Let m be the math book cost (in dollars) and e be the english book cost (also in dollars). Solve these two equations simultaneously:
25m + 10e = 855
10m + 40e = 855 + 135 = 990
100m + 40e = 3420
90m = 2430
m = 27
Let's assume the cost of a math book as "m" and the cost of an English book as "e".
According to the given information:
25m + 10e = $855 --- Equation 1
10m + 40e = $855 + $135 --- Equation 2
Simplifying Equation 2:
10m + 40e = $990 --- Equation 3
To solve the equations, we can use the method of substitution or elimination. Let's use the elimination method.
Multiply Equation 1 by 4 to make the coefficients of 'e' in both equations match:
(4 * (25m + 10e)) = (4 * $855)
100m + 40e = $3,420 --- Equation 4
Now, subtract Equation 3 from Equation 4:
100m + 40e - (10m + 40e) = $3,420 - $990
90m = $2,430
Divide both sides of the equation by 90:
m = $2,430 / 90
m ≈ $27
Now substitute the value of 'm' into Equation 1 to find the value of 'e':
25m + 10e = $855
25($27) + 10e = $855
675 + 10e = $855
Subtract 675 from both sides of the equation:
10e = $855 - $675
10e = $180
Divide both sides of the equation by 10:
e = $180 / 10
e = $18
Therefore, the cost of each math book is approximately $27, and the cost of each English book is approximately $18.

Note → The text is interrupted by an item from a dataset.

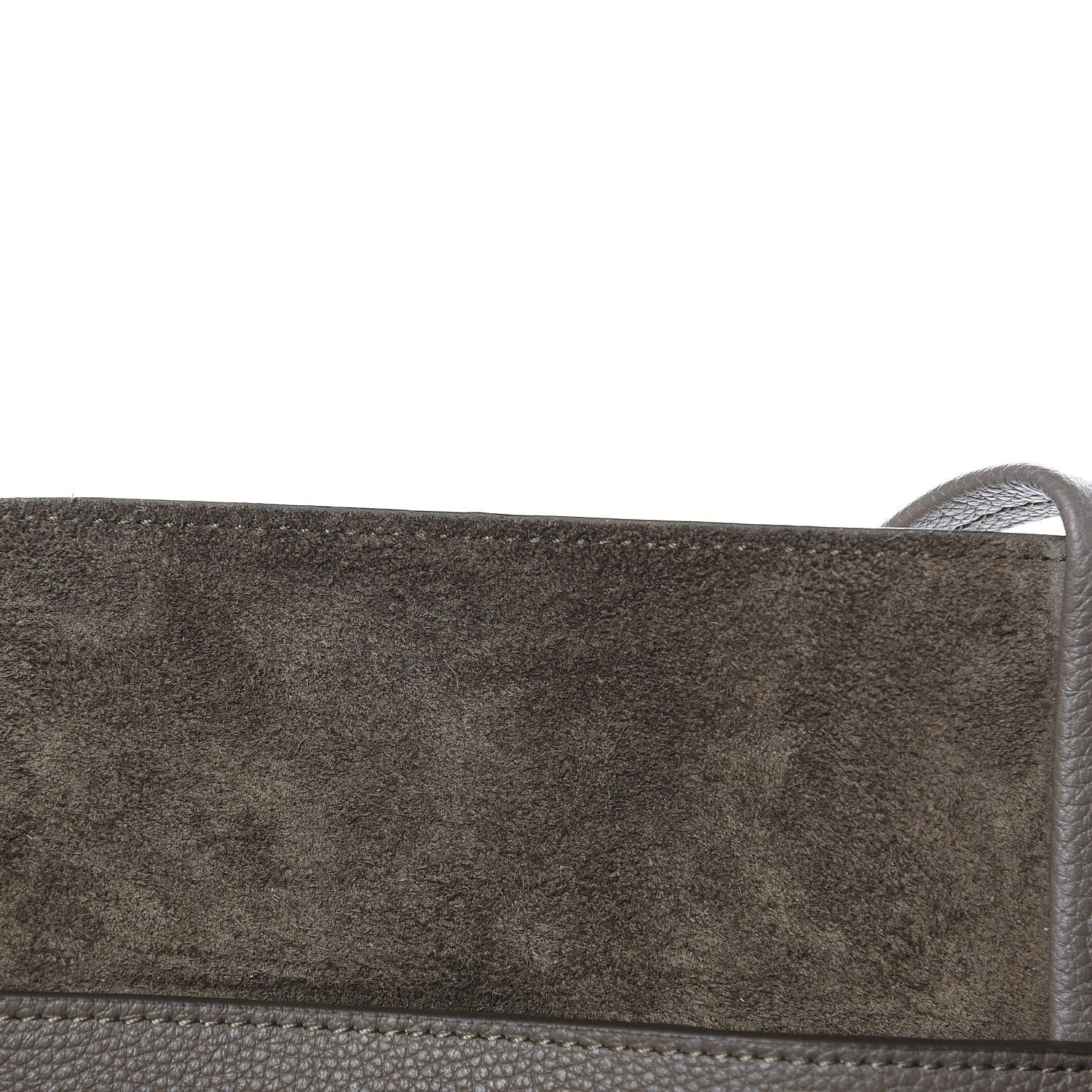 Celine Soft Grained Calfskin Small Belt Cabas Phantom Taupe 10 of 12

To solve this problem, let's assign variables to represent the cost of a math book and the cost of an English book.
Let's say the cost of a math book is M and the cost of an English book is E.
According to the information given, the store clerk sold 25 math books and 10 English books for a total of $855. We can write an equation for this scenario:
25M + 10E = 855 ----(Equation 1)
The problem also informs us that if the clerk sold 10 math books and 40 English books, she would have received $135 more. We can write an equation for this scenario as well:
10M + 40E = 855 + 135 ----(Equation 2)
Now, we have a system of two equations with two variables (M and E). We can solve this system using any method such as substitution or elimination.
Let's use the elimination method:
Multiply Equation 1 by 4:
100M + 40E = 3420 ----(Equation 3)
Subtract Equation 2 from Equation 3:
100M + 40E - (10M + 40E) = 3420 - 990
90M = 2430
Divide both sides of the equation by 90:
M = 2430 / 90
M = $27
Now substitute the value of M back into Equation 1:
25 * 27 + 10E = 855
675 + 10E = 855
Subtract 675 from both sides of the equation:
10E = 855 - 675
10E = 180
Divide both sides of the equation by 10:
E = 180 / 10
E = $18
So, the cost of each math book is $27, and the cost of each English book is $18.